- DATA PROVIDED:
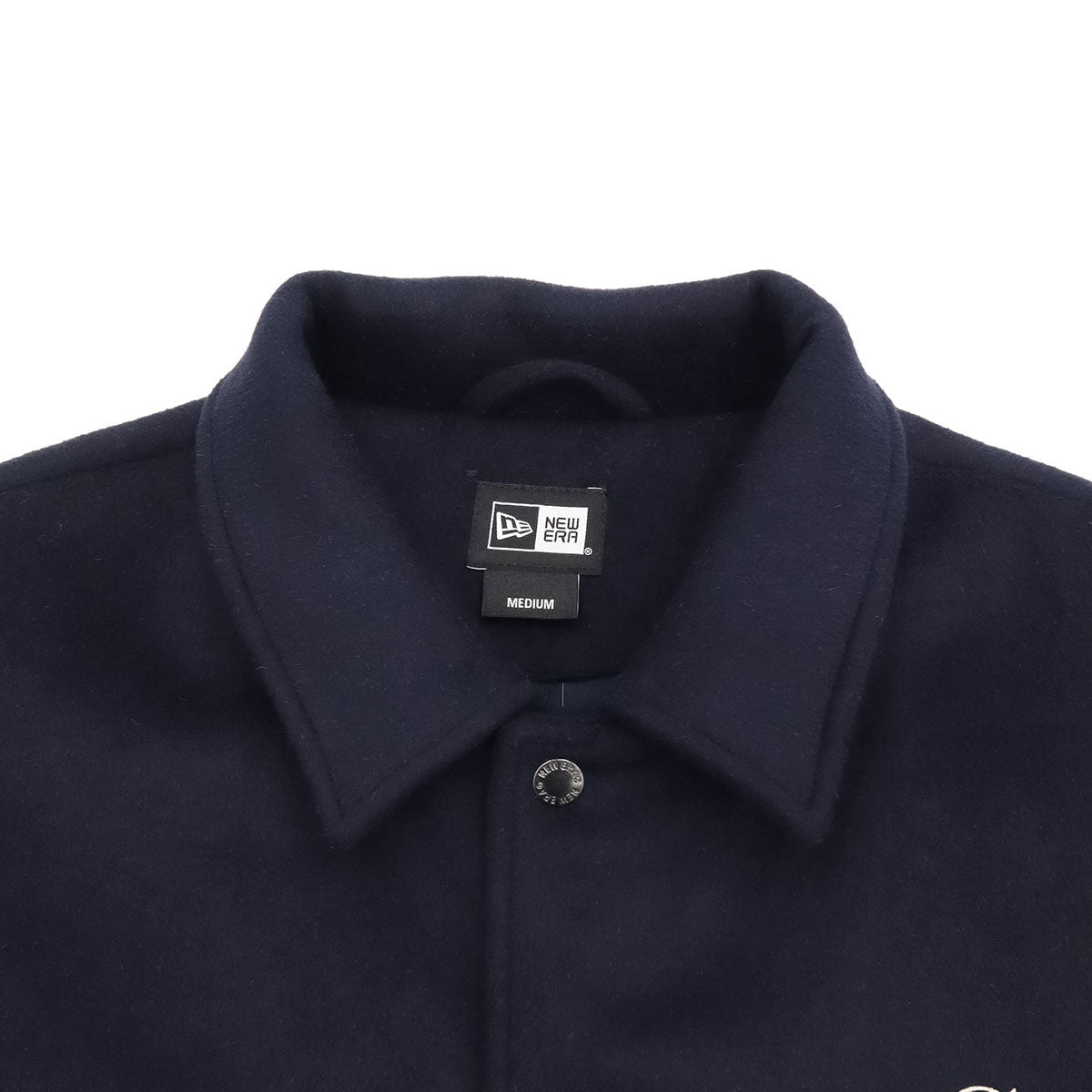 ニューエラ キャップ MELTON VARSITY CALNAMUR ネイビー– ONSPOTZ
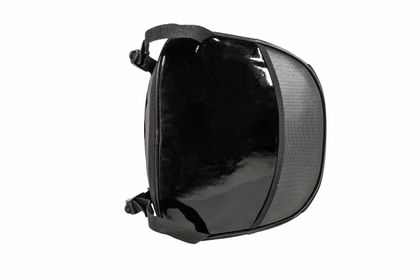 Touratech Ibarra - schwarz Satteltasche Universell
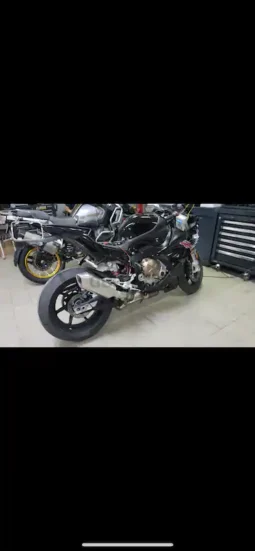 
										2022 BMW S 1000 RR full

==

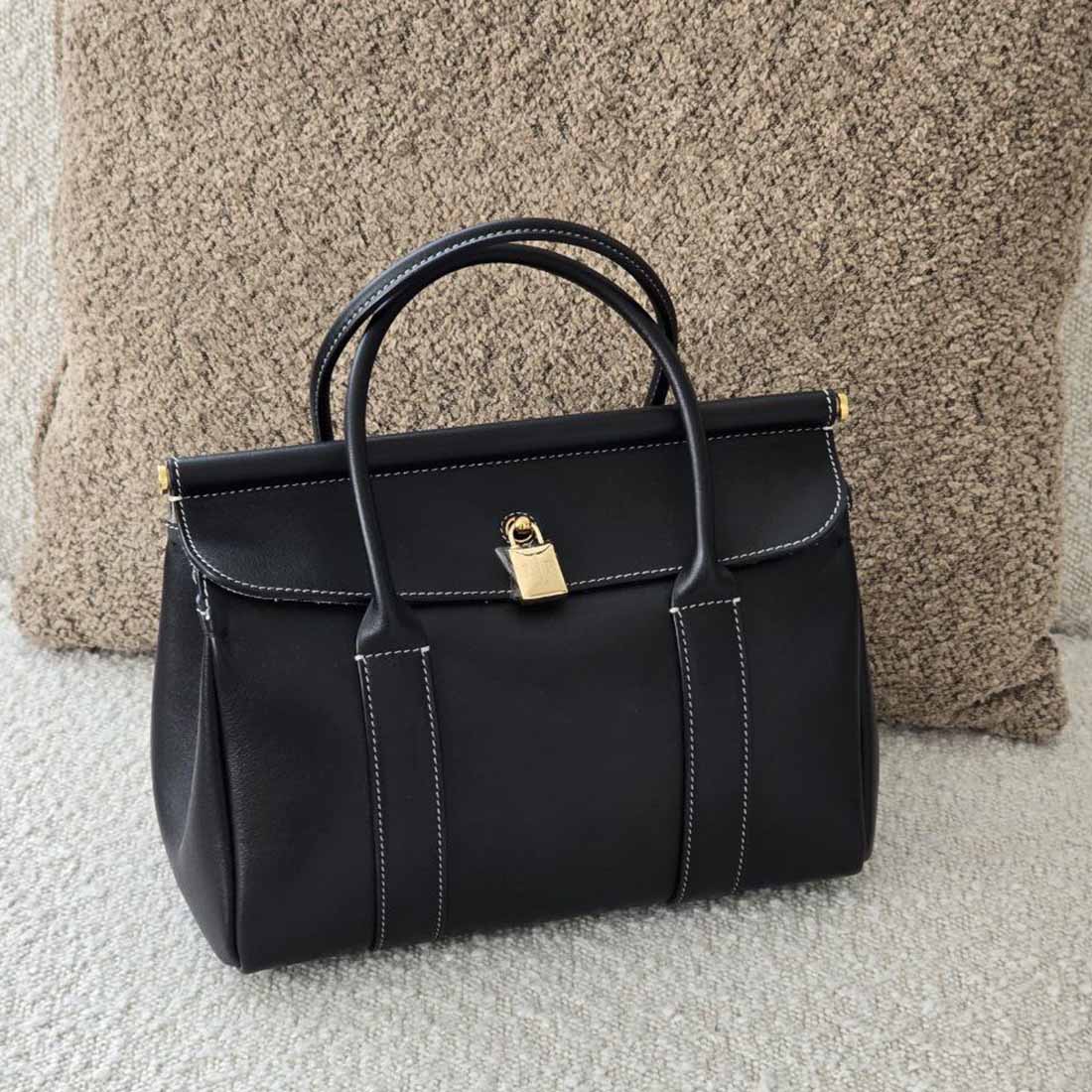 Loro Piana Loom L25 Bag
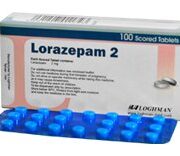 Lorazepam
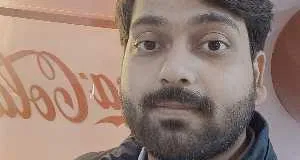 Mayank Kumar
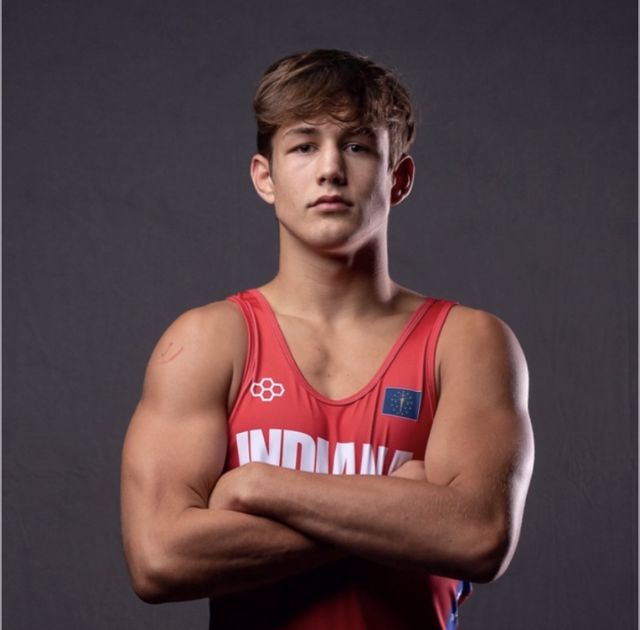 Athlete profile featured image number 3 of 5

...

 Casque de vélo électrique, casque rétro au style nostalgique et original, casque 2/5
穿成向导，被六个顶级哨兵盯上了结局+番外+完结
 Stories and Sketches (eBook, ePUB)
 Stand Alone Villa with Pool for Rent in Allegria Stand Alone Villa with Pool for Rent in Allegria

- WORK ORDER: Beginning at the line above with "Casque de vélo" and finishing at the line with "Stand Alone Villa with Pool for Rent in Allegria Stand", return each line exactly and return nothing else.

- ANSWER BOX:
 Casque de vélo électrique, casque rétro au style nostalgique et original, casque 2/5
穿成向导，被六个顶级哨兵盯上了结局+番外+完结
 Stories and Sketches (eBook, ePUB)
 Stand Alone Villa with Pool for Rent in Allegria Stand Alone Villa with Pool for Rent in Allegria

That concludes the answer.